Minnesota opted for a clean break, firing Heath and moving on to a more modern setup, with up-and-coming CSO Khaled El-Ahmad tasked with acquiring the players, and up-and-coming coach Eric Ramsay tasked with organizing them on Saturday evening. The two jobs are different enough, and often enough at odds with each other, that it’s a wonder that anyone ever tries to do both.
Despite fan unrest, it wouldn’t have been all that shocking for Minnesota to have stayed the course and brought Heath back for 2024, where the few “Heath Out” signs and banners seen at Allianz Field might have gotten more regular use. After all, Heath had made the playoffs the previous four years — to say nothing of the type of success that Vermes had once had.
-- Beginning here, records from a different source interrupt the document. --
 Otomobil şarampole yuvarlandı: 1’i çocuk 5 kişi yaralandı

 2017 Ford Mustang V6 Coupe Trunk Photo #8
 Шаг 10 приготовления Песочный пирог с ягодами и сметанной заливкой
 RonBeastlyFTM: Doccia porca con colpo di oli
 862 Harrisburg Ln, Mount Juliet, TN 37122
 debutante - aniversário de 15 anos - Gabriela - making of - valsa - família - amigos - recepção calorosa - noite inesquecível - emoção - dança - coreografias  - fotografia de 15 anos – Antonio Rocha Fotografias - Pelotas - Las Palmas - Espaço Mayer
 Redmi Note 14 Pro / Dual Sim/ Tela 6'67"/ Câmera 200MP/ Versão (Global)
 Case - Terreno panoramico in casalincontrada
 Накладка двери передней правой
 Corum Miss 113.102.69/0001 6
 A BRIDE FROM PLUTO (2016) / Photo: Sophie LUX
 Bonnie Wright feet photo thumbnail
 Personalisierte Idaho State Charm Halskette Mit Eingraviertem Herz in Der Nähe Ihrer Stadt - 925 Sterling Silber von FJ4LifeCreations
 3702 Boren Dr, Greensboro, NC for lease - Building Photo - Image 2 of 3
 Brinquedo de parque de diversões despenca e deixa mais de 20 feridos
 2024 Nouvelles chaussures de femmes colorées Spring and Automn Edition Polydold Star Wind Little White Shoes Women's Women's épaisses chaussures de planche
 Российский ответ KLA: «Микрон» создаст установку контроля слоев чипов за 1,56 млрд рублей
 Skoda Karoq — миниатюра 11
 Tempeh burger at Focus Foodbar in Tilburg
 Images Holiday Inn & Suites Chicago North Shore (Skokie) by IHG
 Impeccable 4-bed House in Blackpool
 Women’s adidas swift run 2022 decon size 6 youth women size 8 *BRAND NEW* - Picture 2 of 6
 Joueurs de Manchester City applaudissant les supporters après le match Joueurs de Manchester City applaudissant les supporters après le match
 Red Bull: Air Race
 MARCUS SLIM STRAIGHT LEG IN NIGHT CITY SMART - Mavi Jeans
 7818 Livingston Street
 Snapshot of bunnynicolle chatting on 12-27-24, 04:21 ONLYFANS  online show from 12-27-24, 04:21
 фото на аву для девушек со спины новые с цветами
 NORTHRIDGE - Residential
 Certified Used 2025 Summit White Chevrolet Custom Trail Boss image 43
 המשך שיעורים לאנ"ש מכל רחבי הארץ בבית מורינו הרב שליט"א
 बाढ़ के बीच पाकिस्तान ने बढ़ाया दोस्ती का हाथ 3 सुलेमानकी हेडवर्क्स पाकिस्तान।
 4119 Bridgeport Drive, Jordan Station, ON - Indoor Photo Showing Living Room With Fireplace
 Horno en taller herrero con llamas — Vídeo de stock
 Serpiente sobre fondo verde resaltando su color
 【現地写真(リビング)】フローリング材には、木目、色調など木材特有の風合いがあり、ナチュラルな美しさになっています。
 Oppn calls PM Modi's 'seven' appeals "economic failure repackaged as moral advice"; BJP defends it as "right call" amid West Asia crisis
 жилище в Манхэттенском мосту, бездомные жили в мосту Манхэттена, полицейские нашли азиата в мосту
During his time in Minnesota, Heath often noted his regard for Vermes and what he’d built in Kansas City, and everything he’d accomplished with a limited budget in the Midwest.
Sporting Kansas City ownership, and their fans, have to be wondering if it’s time for SKC to follow Minnesota’s lead this time and make a clean break with the past, rather than hoping for a turnaround that seems further and further off.
Loons at Sporting Kansas City
7:15 p.m. Saturday at Children’s Mercy Park
TV; radio: FS1, Apple TV+, MLS Season Pass; 1500 AM
Minnesota (2-1-0) would like to add to the losing streak for Sporting KC (0-3-0), which is now four games short of the league record of 14, set by FC Cincinnati in 2021 and 2022. Following the game, Minnesota will lose five players to international duty: Robin Lod (Finland), Michael Boxall (New Zealand), Carlos Harvey (Panama), and Tani Oluwaseyi and Dayne St. Clair (Canada). Joseph Rosales, who is still injured, was not called up by Honduras.
The Loons have gradually rebuilt since the firing of coach Adrian Heath, while Sporting KC sputters under respected coach Peter Vermes.